## [YOUR OBJECTIVE]
Would you copy exactly the lines in the data below from the one that has "A-pod-of-dolphin-swimming-near-Corolla-Beach,-North-Carolina" through the one that has "仁淀川に咲く花桃 仁淀川に咲く花桃 124687829", dropping any pictures?

## [DATA SHOWN]
====================

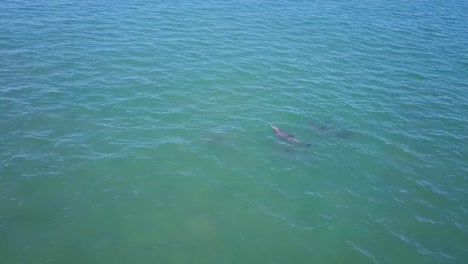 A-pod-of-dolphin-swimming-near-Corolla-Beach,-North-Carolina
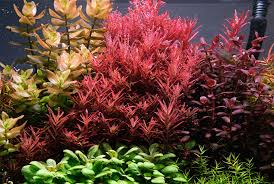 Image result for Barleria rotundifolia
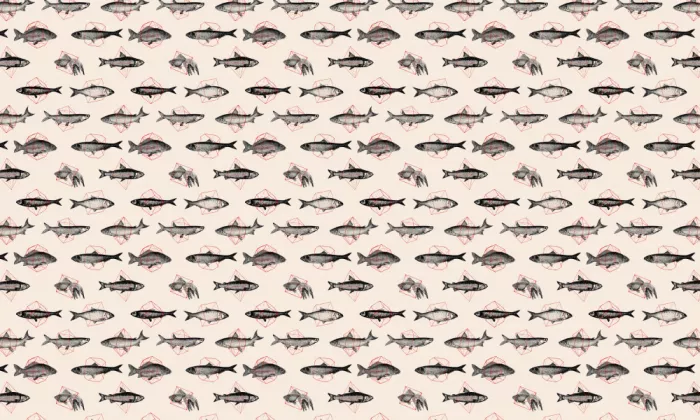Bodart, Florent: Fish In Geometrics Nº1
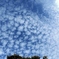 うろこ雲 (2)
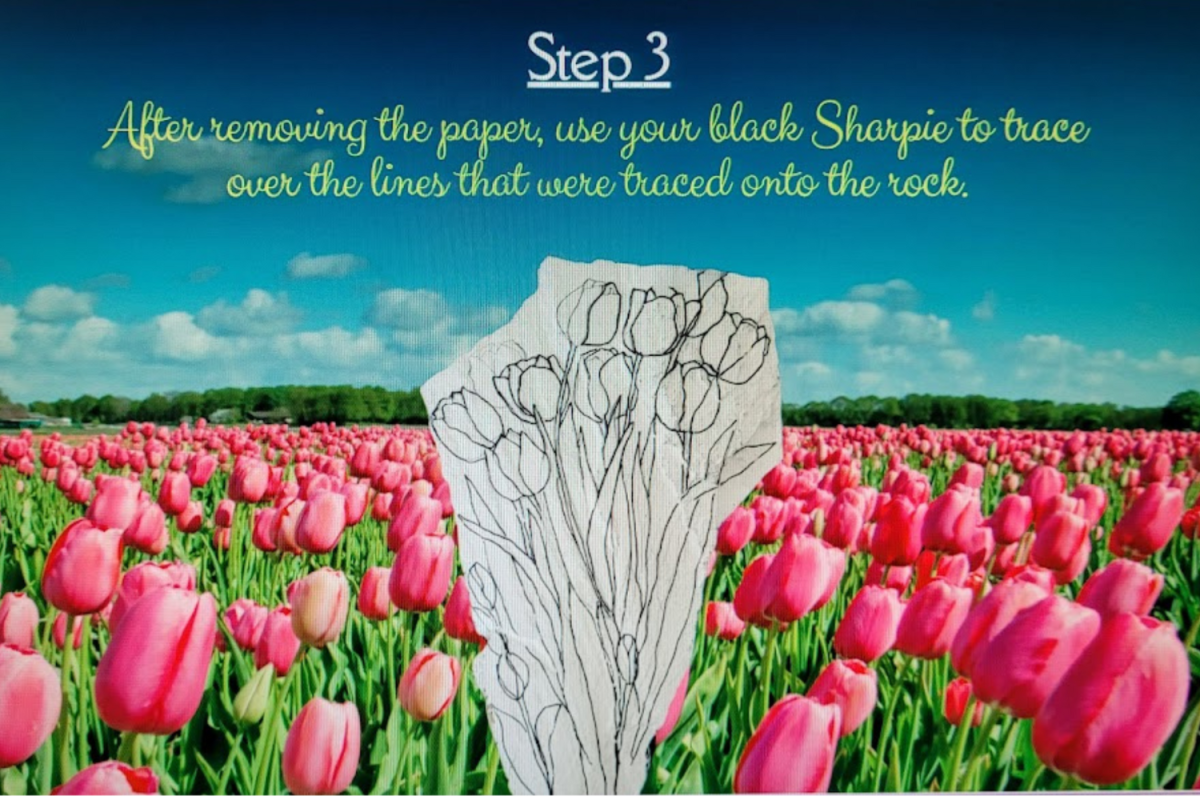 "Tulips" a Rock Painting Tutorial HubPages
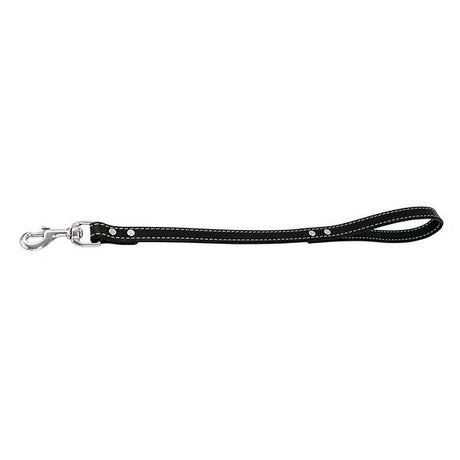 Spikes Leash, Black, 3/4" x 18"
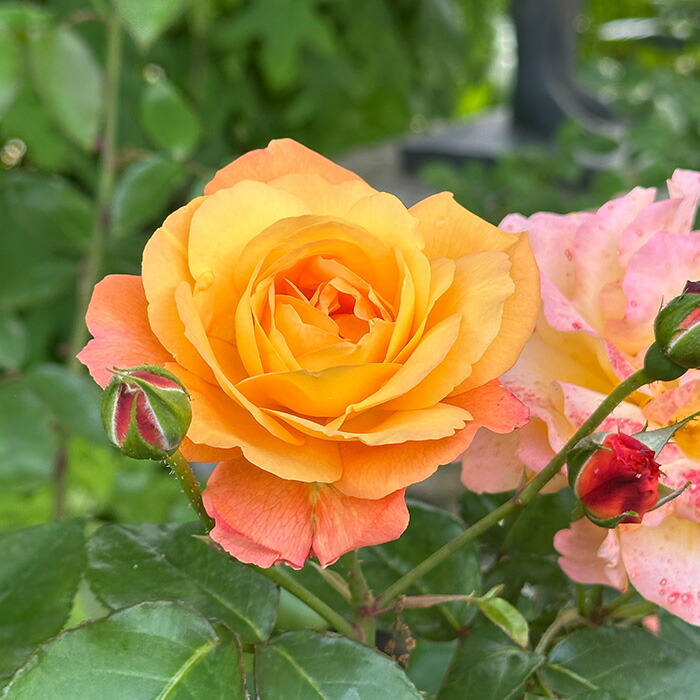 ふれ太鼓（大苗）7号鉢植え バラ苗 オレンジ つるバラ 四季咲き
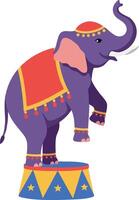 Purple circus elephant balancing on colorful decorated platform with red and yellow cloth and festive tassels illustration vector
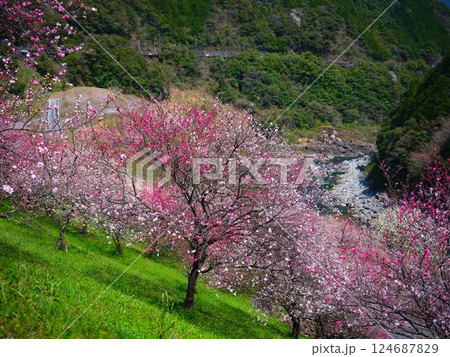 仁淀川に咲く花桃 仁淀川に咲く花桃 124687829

====================

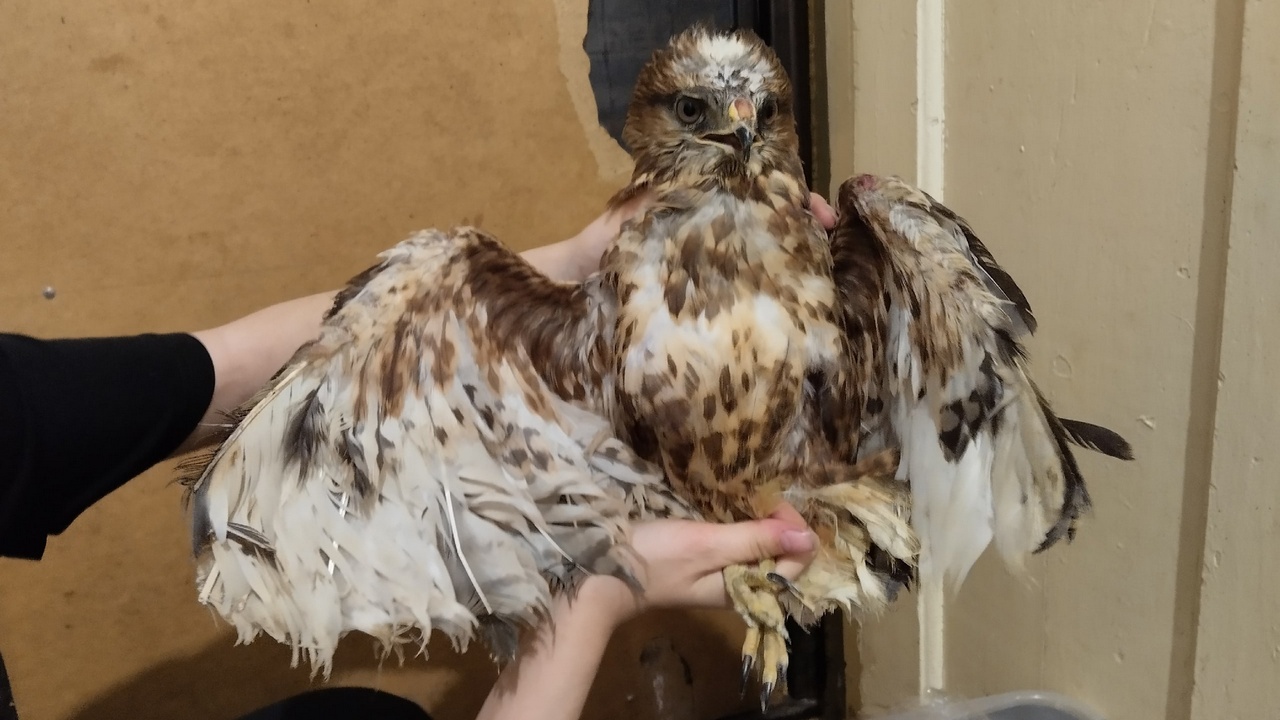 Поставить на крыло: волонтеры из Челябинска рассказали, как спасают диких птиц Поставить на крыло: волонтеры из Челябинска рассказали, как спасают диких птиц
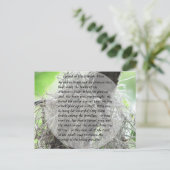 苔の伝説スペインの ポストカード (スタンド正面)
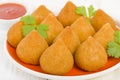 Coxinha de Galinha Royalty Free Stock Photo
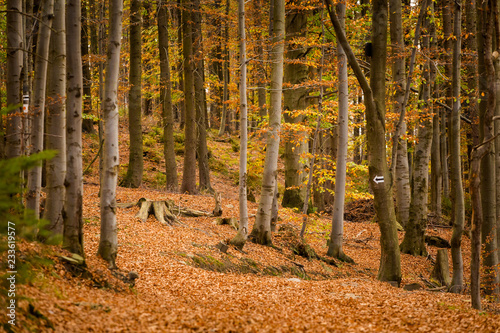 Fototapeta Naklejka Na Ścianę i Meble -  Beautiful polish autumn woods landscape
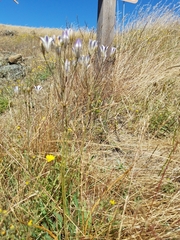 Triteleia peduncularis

====================

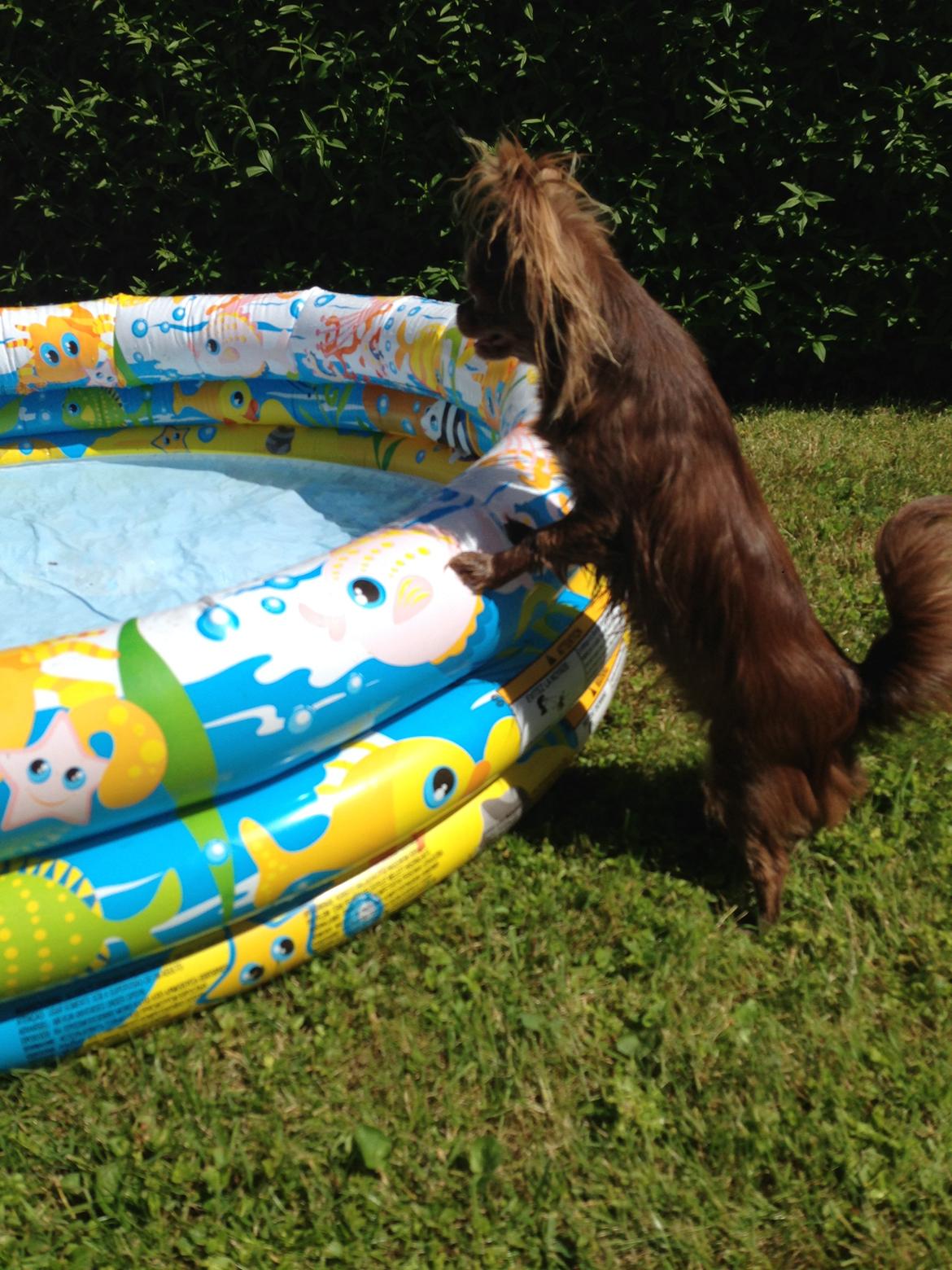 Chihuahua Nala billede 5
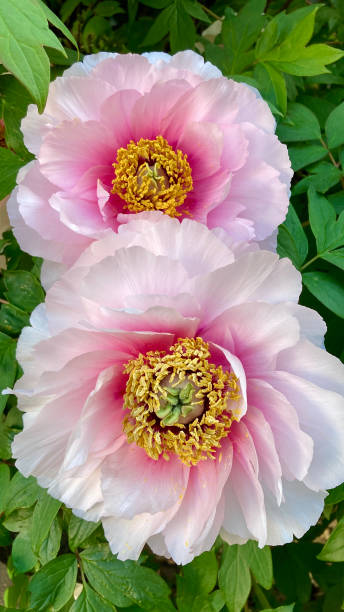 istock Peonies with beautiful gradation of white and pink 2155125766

====================

## [ANSWER TO THE PROBLEM]
 A-pod-of-dolphin-swimming-near-Corolla-Beach,-North-Carolina
 Image result for Barleria rotundifolia
Bodart, Florent: Fish In Geometrics Nº1
 うろこ雲 (2)
 "Tulips" a Rock Painting Tutorial HubPages
 Spikes Leash, Black, 3/4" x 18"
 ふれ太鼓（大苗）7号鉢植え バラ苗 オレンジ つるバラ 四季咲き
 Purple circus elephant balancing on colorful decorated platform with red and yellow cloth and festive tassels illustration vector
 仁淀川に咲く花桃 仁淀川に咲く花桃 124687829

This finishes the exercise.